### Exercise requirements
Since pictures do not belong in the copy, please repeat every record below exactly without them.

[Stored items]
————————

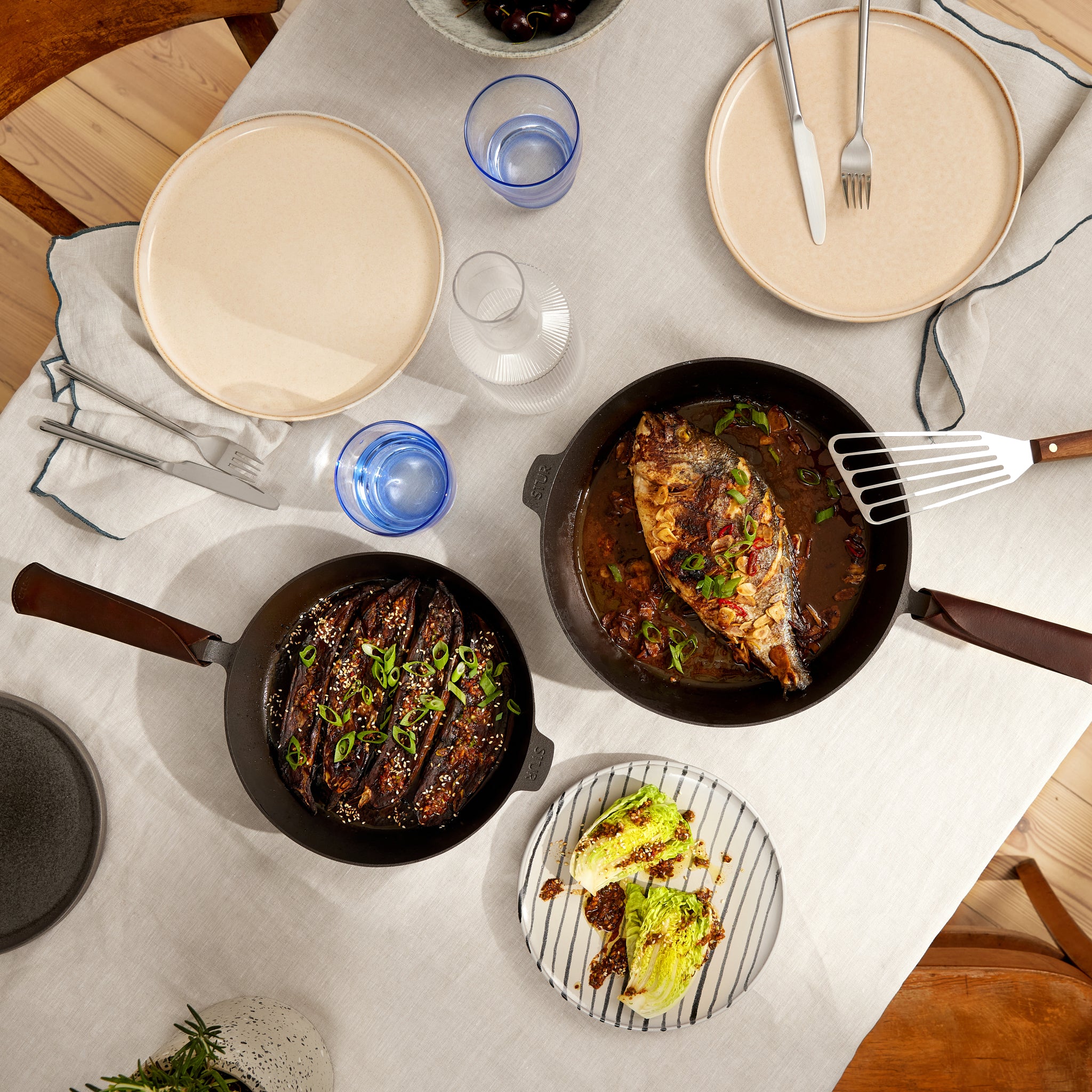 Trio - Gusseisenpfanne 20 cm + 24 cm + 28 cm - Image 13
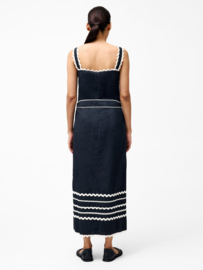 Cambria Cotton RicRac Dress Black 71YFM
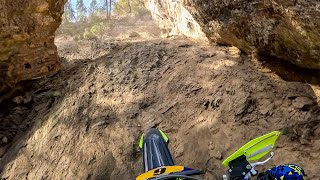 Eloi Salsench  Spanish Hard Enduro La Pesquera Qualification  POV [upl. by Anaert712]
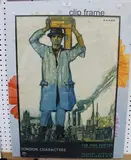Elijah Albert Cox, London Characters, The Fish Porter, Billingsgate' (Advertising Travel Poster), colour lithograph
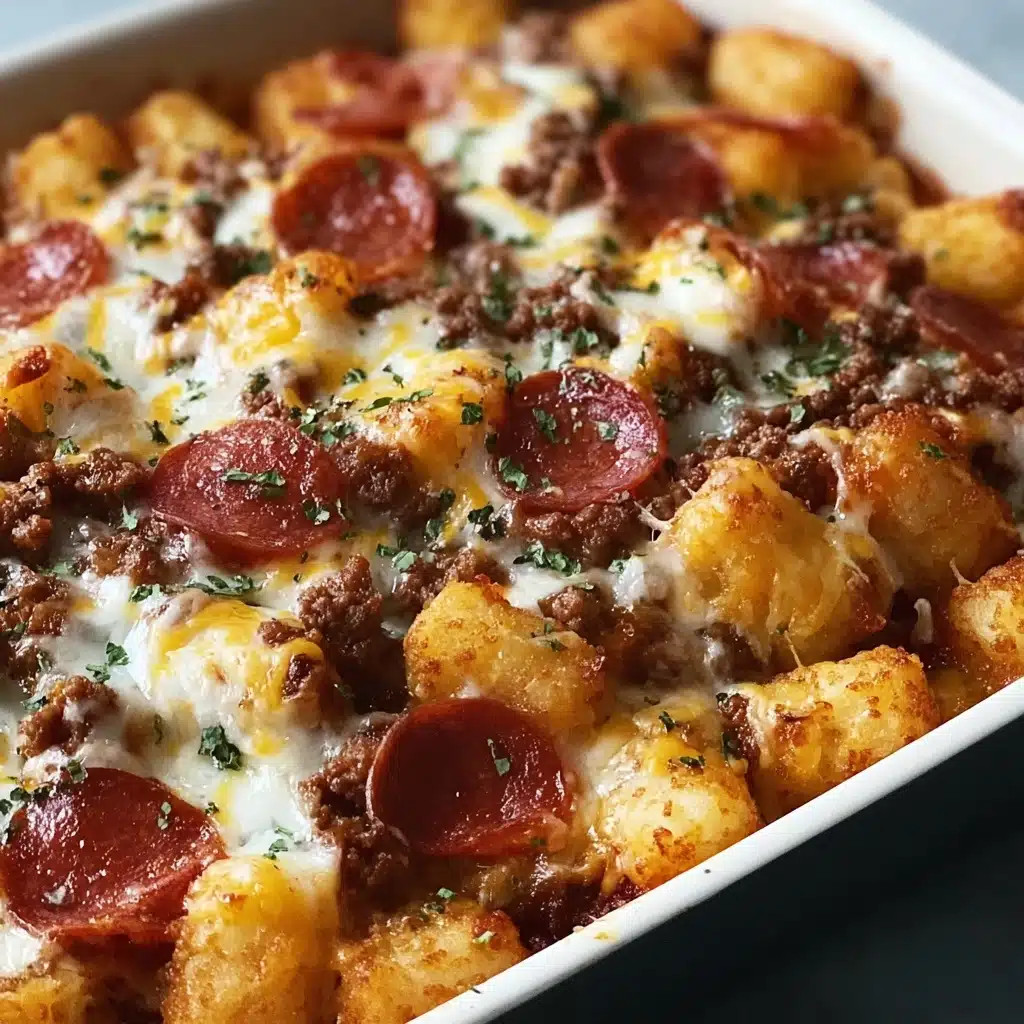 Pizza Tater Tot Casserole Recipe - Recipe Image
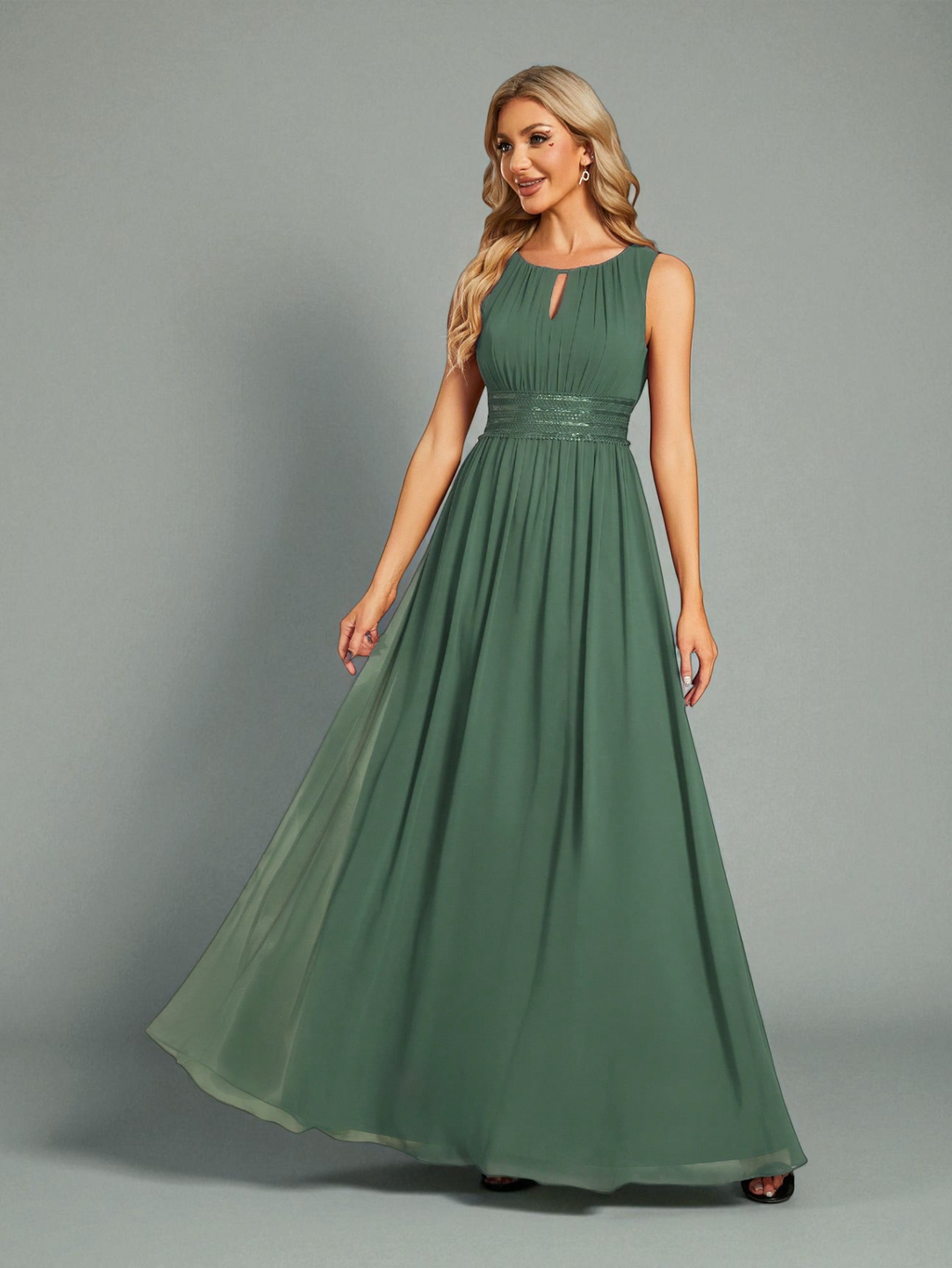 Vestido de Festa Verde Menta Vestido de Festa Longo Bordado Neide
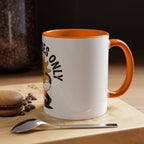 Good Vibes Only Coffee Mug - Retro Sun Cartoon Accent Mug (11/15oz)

————————

### Response box
 Trio - Gusseisenpfanne 20 cm + 24 cm + 28 cm - Image 13
 Cambria Cotton RicRac Dress Black 71YFM
 Eloi Salsench  Spanish Hard Enduro La Pesquera Qualification  POV [upl. by Anaert712]
Elijah Albert Cox, London Characters, The Fish Porter, Billingsgate' (Advertising Travel Poster), colour lithograph
 Pizza Tater Tot Casserole Recipe - Recipe Image
 Vestido de Festa Verde Menta Vestido de Festa Longo Bordado Neide
 Good Vibes Only Coffee Mug - Retro Sun Cartoon Accent Mug (11/15oz)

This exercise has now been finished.